**Work item**: Find every line in the entries that holds the string "class" and report it.

━━━━━━━━━━━━━━━━

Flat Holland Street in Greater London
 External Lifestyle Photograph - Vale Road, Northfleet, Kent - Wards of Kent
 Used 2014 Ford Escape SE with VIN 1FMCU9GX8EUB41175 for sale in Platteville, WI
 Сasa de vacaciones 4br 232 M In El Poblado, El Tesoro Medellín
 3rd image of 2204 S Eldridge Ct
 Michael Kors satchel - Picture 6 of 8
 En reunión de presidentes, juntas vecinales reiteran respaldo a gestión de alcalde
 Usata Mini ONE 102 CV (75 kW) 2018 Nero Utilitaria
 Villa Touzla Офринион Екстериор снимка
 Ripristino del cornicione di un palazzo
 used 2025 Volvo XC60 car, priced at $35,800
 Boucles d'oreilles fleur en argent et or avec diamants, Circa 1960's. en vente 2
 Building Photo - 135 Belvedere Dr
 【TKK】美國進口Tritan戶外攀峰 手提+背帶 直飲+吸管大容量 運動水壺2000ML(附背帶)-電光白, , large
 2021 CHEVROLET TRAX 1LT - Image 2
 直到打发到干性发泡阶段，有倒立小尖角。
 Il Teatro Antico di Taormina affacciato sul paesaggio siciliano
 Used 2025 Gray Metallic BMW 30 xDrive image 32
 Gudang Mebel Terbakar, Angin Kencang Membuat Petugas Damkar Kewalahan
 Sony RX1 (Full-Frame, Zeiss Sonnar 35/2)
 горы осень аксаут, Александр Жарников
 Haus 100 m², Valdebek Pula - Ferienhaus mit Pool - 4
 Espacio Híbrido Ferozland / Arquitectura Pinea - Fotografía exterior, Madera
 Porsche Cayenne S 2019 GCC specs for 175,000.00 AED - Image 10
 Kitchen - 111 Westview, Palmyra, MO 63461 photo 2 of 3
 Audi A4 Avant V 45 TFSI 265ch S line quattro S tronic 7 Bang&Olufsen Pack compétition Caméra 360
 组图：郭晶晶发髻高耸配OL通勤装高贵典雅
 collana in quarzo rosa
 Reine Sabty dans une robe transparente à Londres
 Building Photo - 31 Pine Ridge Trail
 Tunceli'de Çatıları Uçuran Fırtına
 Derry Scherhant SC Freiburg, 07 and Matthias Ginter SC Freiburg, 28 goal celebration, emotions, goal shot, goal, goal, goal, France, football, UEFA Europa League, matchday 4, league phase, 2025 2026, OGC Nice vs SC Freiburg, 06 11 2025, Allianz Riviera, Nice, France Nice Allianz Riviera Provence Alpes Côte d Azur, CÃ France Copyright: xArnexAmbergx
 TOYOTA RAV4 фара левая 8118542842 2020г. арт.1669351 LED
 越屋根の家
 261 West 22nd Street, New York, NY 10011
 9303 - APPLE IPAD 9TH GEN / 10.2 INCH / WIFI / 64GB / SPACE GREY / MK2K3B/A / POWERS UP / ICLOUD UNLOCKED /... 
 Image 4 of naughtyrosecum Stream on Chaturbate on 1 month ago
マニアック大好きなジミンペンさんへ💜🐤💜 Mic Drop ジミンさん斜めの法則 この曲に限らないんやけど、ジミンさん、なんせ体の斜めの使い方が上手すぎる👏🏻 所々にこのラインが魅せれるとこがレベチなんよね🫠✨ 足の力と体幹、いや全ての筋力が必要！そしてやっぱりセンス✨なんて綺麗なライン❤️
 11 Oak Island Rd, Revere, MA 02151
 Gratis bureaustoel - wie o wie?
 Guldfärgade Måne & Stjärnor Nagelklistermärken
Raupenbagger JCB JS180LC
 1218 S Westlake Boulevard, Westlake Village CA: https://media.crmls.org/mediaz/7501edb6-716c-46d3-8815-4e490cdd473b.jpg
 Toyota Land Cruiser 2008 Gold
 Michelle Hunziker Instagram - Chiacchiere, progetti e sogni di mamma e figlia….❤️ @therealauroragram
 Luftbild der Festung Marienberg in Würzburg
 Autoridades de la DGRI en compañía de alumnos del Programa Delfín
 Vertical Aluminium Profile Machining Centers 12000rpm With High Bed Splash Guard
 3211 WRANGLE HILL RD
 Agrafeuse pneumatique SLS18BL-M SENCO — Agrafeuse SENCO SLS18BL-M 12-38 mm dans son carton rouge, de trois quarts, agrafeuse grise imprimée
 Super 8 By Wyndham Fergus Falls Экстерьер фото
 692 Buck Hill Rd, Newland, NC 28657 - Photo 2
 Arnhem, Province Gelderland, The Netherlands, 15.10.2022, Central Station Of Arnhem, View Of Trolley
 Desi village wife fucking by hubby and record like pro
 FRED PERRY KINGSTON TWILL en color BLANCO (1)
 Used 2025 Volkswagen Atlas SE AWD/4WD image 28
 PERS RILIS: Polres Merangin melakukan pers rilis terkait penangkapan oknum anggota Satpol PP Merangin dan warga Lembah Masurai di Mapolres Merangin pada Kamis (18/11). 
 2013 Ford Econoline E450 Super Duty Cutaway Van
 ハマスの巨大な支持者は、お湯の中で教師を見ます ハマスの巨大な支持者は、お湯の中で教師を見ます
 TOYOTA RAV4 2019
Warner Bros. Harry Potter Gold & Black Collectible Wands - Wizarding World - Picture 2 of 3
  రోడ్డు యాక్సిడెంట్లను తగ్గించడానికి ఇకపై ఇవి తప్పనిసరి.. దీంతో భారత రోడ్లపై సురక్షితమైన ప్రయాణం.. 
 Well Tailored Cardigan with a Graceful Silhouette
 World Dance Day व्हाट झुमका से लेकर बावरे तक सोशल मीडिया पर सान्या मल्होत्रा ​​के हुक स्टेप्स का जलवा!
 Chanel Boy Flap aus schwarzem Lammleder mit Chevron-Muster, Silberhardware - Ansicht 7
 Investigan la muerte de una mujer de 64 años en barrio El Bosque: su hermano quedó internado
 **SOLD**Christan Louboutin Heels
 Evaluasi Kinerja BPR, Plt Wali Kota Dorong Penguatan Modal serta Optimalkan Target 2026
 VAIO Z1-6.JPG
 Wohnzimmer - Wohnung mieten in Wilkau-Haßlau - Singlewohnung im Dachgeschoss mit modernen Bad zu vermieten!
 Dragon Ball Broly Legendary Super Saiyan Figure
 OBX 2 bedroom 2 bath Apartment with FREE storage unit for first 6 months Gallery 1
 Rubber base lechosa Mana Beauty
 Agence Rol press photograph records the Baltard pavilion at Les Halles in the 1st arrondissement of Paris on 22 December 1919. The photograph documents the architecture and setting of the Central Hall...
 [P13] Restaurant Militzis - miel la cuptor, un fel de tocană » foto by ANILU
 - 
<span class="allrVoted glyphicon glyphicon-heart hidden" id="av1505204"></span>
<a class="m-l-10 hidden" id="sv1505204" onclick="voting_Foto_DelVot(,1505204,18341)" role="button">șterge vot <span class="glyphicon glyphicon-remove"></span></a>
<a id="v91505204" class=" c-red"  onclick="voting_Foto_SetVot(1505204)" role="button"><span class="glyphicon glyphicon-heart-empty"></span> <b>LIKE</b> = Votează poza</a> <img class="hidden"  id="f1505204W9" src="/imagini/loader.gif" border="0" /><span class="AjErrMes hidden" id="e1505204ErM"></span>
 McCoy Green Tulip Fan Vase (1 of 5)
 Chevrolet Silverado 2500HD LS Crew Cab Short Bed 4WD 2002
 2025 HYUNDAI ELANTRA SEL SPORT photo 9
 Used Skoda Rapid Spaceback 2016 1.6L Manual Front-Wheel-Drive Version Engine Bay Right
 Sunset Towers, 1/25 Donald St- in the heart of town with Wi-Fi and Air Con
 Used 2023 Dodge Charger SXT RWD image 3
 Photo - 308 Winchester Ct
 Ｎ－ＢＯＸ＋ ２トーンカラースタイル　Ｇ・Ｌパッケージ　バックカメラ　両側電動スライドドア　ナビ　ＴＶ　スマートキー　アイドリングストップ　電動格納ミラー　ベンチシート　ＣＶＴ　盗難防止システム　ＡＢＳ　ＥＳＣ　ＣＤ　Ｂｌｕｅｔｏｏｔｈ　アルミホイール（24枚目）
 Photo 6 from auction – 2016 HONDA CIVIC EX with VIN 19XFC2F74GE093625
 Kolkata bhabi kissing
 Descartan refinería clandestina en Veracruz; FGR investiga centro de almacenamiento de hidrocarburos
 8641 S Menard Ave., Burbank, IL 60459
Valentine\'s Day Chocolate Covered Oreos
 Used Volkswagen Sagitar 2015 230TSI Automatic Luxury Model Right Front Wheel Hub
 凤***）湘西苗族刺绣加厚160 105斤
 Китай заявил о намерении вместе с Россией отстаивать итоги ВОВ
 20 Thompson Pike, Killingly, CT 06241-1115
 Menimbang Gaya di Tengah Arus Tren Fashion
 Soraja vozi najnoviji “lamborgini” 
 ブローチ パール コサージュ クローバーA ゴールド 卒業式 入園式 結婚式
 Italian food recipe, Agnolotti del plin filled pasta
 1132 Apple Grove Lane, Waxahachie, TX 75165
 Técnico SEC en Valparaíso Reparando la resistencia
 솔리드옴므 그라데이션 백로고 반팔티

━━━━━━━━━━━━━━━━

**Answer to this task**:
<span class="allrVoted glyphicon glyphicon-heart hidden" id="av1505204"></span>
<a class="m-l-10 hidden" id="sv1505204" onclick="voting_Foto_DelVot(,1505204,18341)" role="button">șterge vot <span class="glyphicon glyphicon-remove"></span></a>
<a id="v91505204" class=" c-red"  onclick="voting_Foto_SetVot(1505204)" role="button"><span class="glyphicon glyphicon-heart-empty"></span> <b>LIKE</b> = Votează poza</a> <img class="hidden"  id="f1505204W9" src="/imagini/loader.gif" border="0" /><span class="AjErrMes hidden" id="e1505204ErM"></span>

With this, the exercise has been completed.